Durrell Gemuh

Posted on Jun 8

Building LogSentry: A Serverless AWS Pipeline That Detects Secrets Leaked into Application Logs in Real-Time

#aws #security #serverless #devops

A serverless AWS pipeline that auto-monitors every CloudWatch log group, scans for leaked credentials in real-time, sends rate-limited alerts, and ships with a triage dashboard — zero config after deploy.

Every production system I've operated has had the same recurring incident: a developer accidentally logs a password, an API key ends up in CloudWatch, a database connection string appears in a debug statement that was never removed.

The consequences are serious. A leaked AWS key in logs can be scraped by attackers in minutes. A database URL with credentials gives direct access. A Stripe key means money.

I built LogSentry to catch these leaks the moment they happen — before they become breaches. And critically, it requires zero configuration after the initial deploy. New services are monitored automatically.

The Problem

In a typical microservices environment running 20+ services, each generating thousands of log lines per minute, manual review is impossible. Teams discover leaked secrets in one of three ways:

A security audit (weeks or months later)
An incident (the secret was already exploited)
A colleague happens to notice during debugging

We need detection that's real-time, automated, comprehensive, and low-noise.

Architecture

Services → CloudWatch → [Auto-Subscribe] → Kinesis → Lambda Scanner → DynamoDB + SNS

The full flow:

Services generate logs → CloudWatch Log Groups
Auto-subscribe (EventBridge + 5-min scheduled scan) adds subscription filters to every log group — zero manual setup
Kinesis Data Stream buffers log events (backpressure, replay, scaling)
Lambda Scanner processes events: 12 regex patterns + Shannon entropy analysis
DynamoDB stores deduplicated findings (with TTL auto-expiry at 90 days)
SNS sends rate-limited alerts to Slack/email/PagerDuty
CloudWatch custom metrics track detection rates per severity
SQS Dead Letter Queue preserves failed events for 14 days

Zero-Config Auto-Subscribe

The key differentiator is automatic monitoring. Instead of manually attaching subscription filters to each log group, LogSentry handles it:

Trigger	Latency	How
New log group created	Instant	EventBridge rule (requires CloudTrail)
Scheduled fallback	≤ 5 minutes	Lambda scans for unsubscribed groups
First deploy	Immediate	Terraform local-exec subscribes existing groups

Excluded prefixes (configurable): /aws/lambda/logsentry, /aws/cloudtrail, /aws/rds — to avoid scanning its own logs or known-noisy sources.

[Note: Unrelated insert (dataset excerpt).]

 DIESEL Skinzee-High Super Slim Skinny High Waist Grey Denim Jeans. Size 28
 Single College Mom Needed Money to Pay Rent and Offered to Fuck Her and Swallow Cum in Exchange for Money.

After terraform apply, every existing and future log group is monitored. Deploy a new service tomorrow — it's covered automatically.

The Detection Engine

The scanner applies 12 patterns covering the most common secret types:

Pattern	What It Catches	Severity
AWS Access Key	`AKIA` + 16 chars	Critical
Password in logs	`password=`, `pwd:` with value	Critical
Database URL	`postgres://user:pass@host`	Critical
Private Key	`-----BEGIN RSA PRIVATE KEY-----`	Critical
Stripe Key	`sk_live_`, `pk_live_` prefixes	Critical
GitHub Token	`ghp_`, `gho_`, `ghs_` prefixes	Critical
JWT Token	`eyJ` base64 pattern	High
Bearer Token	`Bearer` + 20+ chars	High
Slack Token	`xoxb-`, `xoxp-` patterns	High
Generic API Key	`api_key=`, `api_secret=`	High
Generic Secret	`secret=`, `token=`	Medium

Reducing False Positives with Entropy

Raw regex matching produces too much noise. The string password=loading matches the pattern but isn't a credential.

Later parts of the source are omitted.